Purposeful, Human-Centric Experiences Have These 3 Things in Common

Great artists, storytellers and designers have always known that human connections enable action and change.

Marketers are just realizing this too, because they’re becoming experience makers.

Now, instead of giving people something to buy, they are offering them something to buy into and acknowledging that the human experience is more powerful than marketing and advertising. Think of your favorite brand. Why is it your favorite? Leading brands put purpose before product and work to bring humanity to every interaction they design.

Marketers are just starting to learn how people and technology intertwine. Frank Chimero, a designer who works with top consumer and technology brands, once wrote, “People ignore design that ignores people.”

Human-centered design enables you to clarify or reframe the real issues at hand, and it puts the human – who traditionally has been at the endpoint of a transaction – first.  The companies that pay attention to design and the way consumers interact with their products and services earn loyalty and see their respect for human needs reflected in the bottom line.

Design is ready to play a lead role in the business world.
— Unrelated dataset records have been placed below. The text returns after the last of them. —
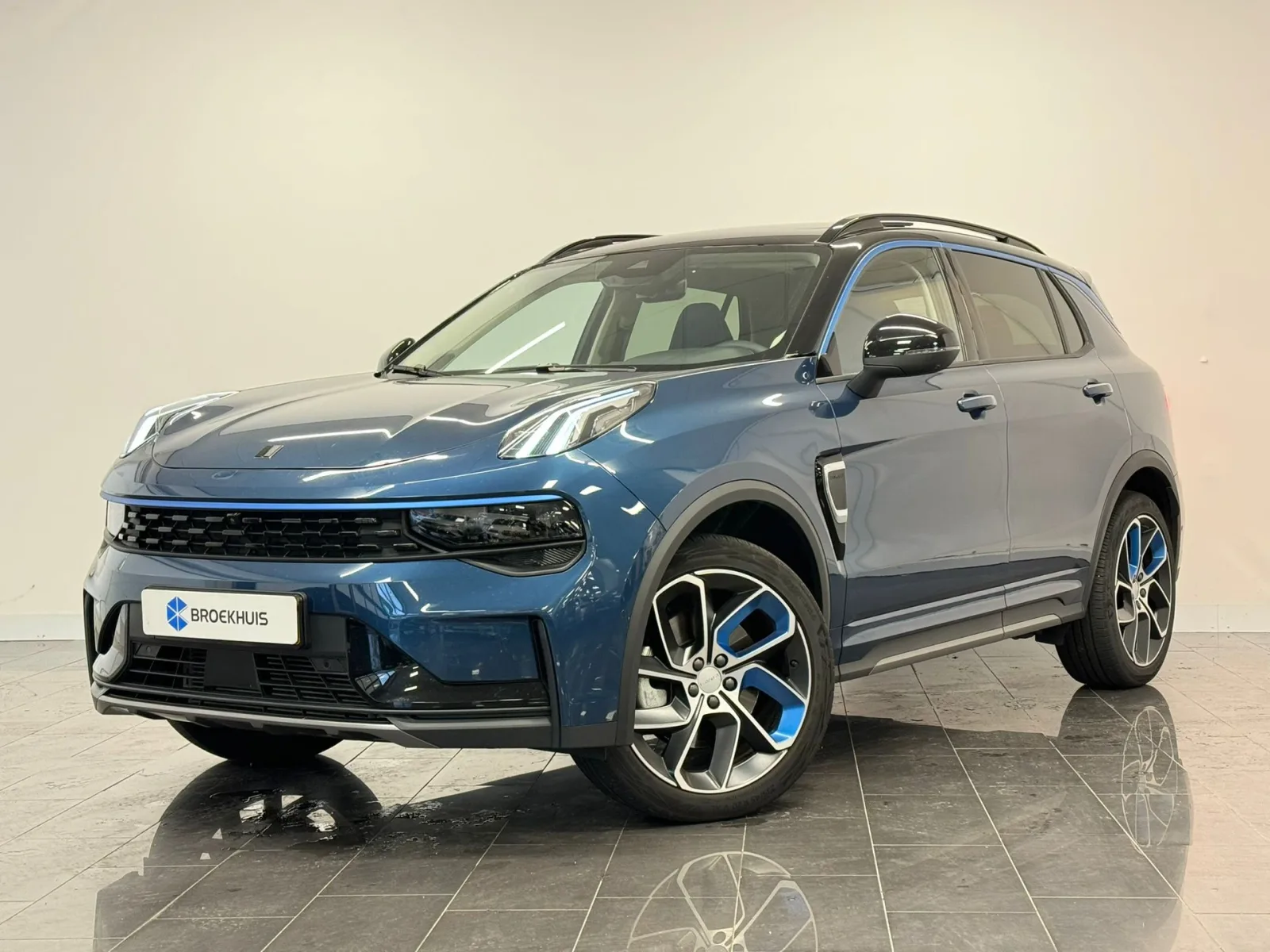 Lynk & Co 01 (2022) — foto 1
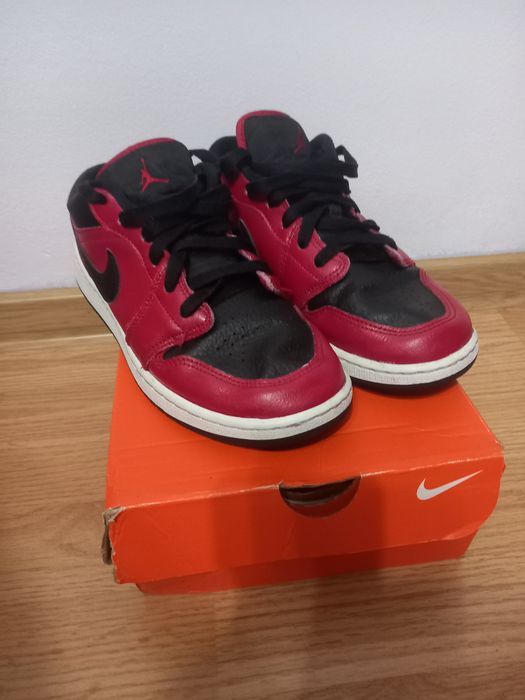 Adidașii Nike Air  jordan 38.5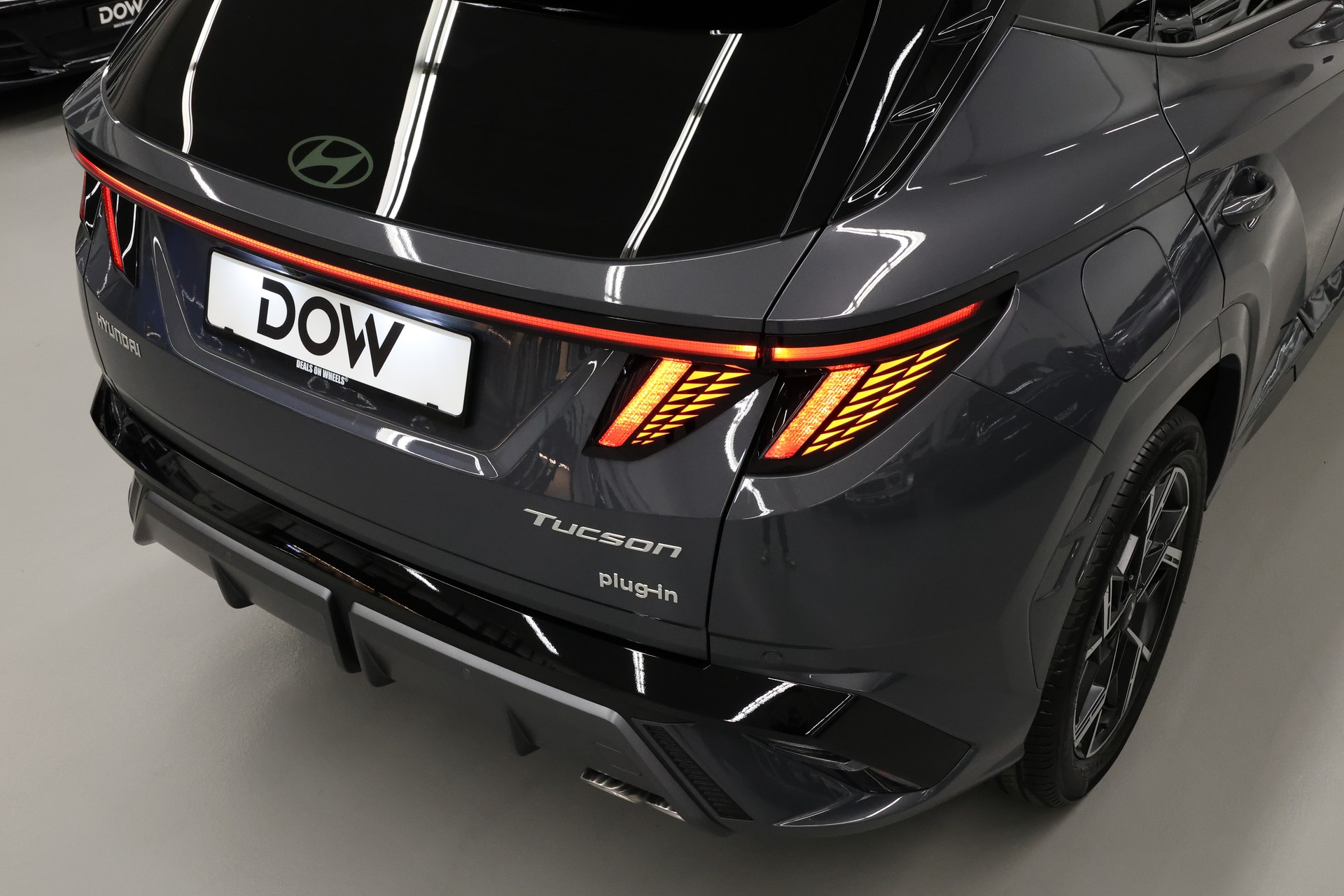 HYUNDAI Tucson 1.6 T-GDi PHEV N-Line 4WD-image-9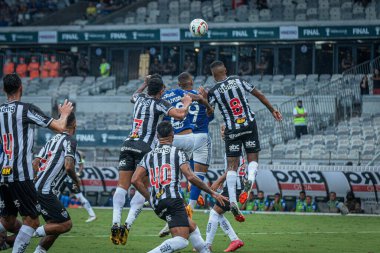 Mineiro Futbol Şampiyonası 2022 - Finaller: Atletico Mineiro Cruzeiro 'ya karşı. 2 Nisan 2022, Belo Horizonte, Minas Gerais, Brezilya: Mineiro 'da düzenlenen Mineiro Futbol Şampiyonası finali için geçerli olan Atletico Mineiro ve Cruzeiro arasındaki futbol maçı
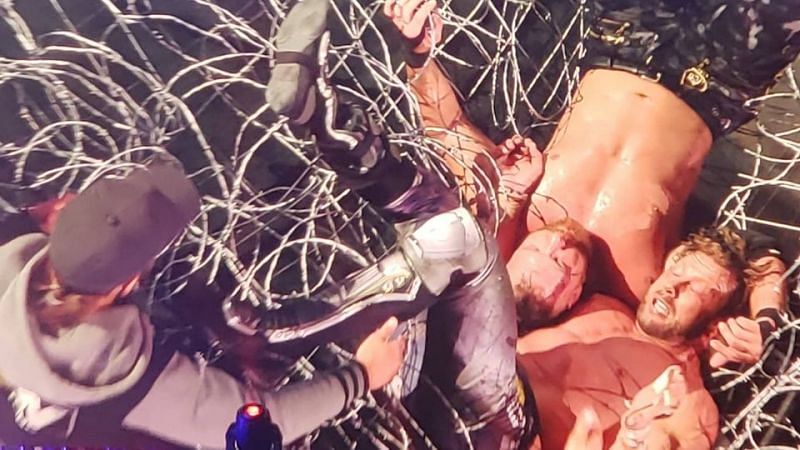 Kenny Omega has a warning for Jon Moxley after AEW Full Gear (Photo Credit: Twitter and AEW)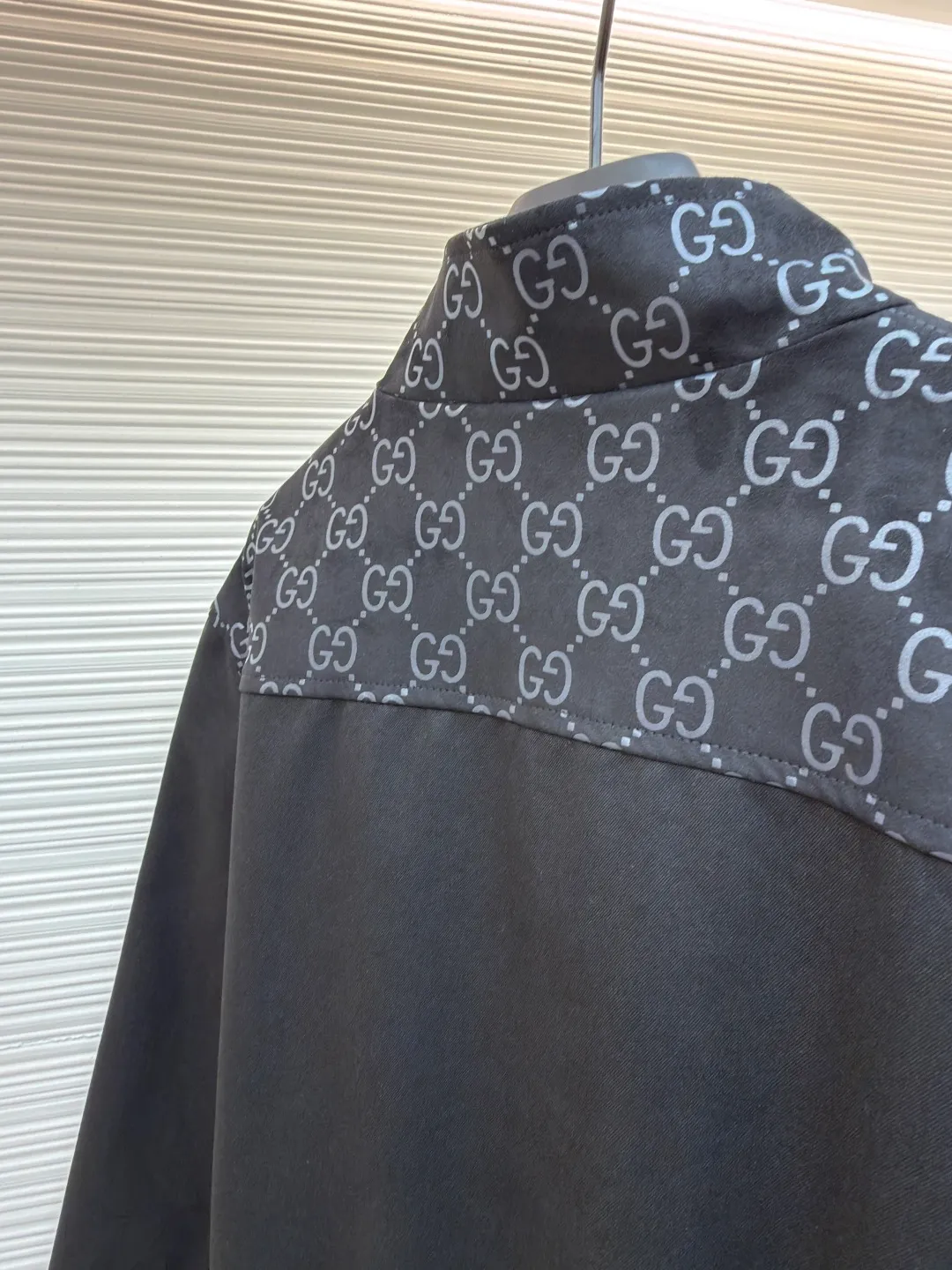 Gucci embossed GG suede jacquard bomber jacket ●Original version: purchased and developed by 25787 ●Item number: 1681583-B90 ●Fabric: cotton fabric ●Technology: embossed production ●Color: black ●Version: fitted version ●Weight: about 905 grams ●Size: 46-48-50-52 ●Description: Jacquard technology is integrated into the front and back shoulders. The classic logo is integrated into the fabric texture in the form of dark patterns. It is a low-key but precise identity annotation. The texture is hidden in every inch of the fabric. The zipper puller is engraved with the brand's letter logo, and the metallic texture and the softness of cowhide form a material contrast, showing exquisiteness in the opening and closing; the pockets are equipped with engraved shell buttons, which have a natural texture and are engraved with the brand logo, which is a luxurious embellishment in the details; the stand-up collar + slim tailoring are suitable for various body shapes. It can be worn as a commuting look or layered to create a layered look in autumn and winter. It is a practical item that can be worn in many ways. The overall wiring is straight and delicate, the fabric is comfortable and soft, and the color is consistent without color difference. It can be matched with the same style to create a fashionable look and control various occasions. Customized accessories, complete with three standards, same style for men and women!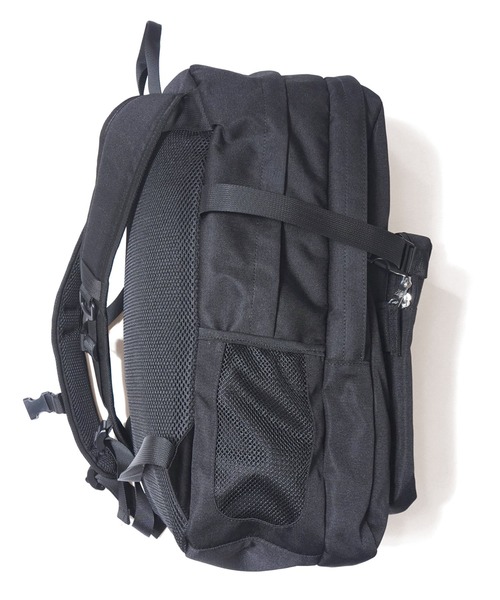 BEN DAVIS(ベンデイビス)の「《BEN DAVIS》LARGE DAYPACK 29L(バックパック/リュック・メンズ・ライトベージュ/ブラック×ホワイト/ブラック×パープル/ブラック×レッド・FREE)」の6枚目の写真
At its best, it’s enabled with the collaboration of developers and strategists to fully inform what they design, whether it’s experiences, products, or internal cultures of innovation.

This human-centered approach is a dramatic shift, and in the process of putting the human at the center, marketers are realizing something incredible. The technocratic age is over, and the radical advancement in the application of design to the creation of digital experiences is just beginning to show.

Today, strategists, designers, artists, and technologists are combining art and design to develop experiences that have three elements in common.

1. Personal connection

These are the experiences that are deeply relevant, curated or anticipatory. The connection is made through personalized art and design, whether it’s in a story, visual reference or how an experience or product feels.

2. Authenticity

Whether or not an experience is perceived as enjoyable is often based on the context in which the customer experiences it. Any moment in time can feel arduous or wonderful depending on how you feel about what you are doing and what else is going on in your life.

Consider the next online purchase you want to (or have to) make. It can be a welcome retreat from the everyday routine or it can be a distraction from other activities that need your attention. The magic happens if the experience still connects in a personal way.

One thing marketers have learned is that choice and agency are critical. As such, it’s your responsibility to design authentic choices that empower people to feel active, participatory and understood.

3. Elevate humans to action or a new understanding

Art is an ancient storytelling medium and cultural influence. Design is a way to amplify what someone or something already is.

Putting these two together means that you know enough and understand enough about the customer experience to see it for what it truly is: a human experience. Marketers have the ability to design authentic and compelling connections to people’s lives and make the  impact positive and human. Some fitness companies are successfully uniting equipment, apparel and coaching to create a sense of community and well-being.

This purposeful, human-oriented approach to experience will not fade any time soon. As designer and technologist John Maeda, said “I believe art and design are poised to transform our economy in the 21st century like science and technology did in the last century.”

The challenge – and the responsibility – underlying this truth will keep the principles of human-centered design at the forefront of the marketer’s agenda.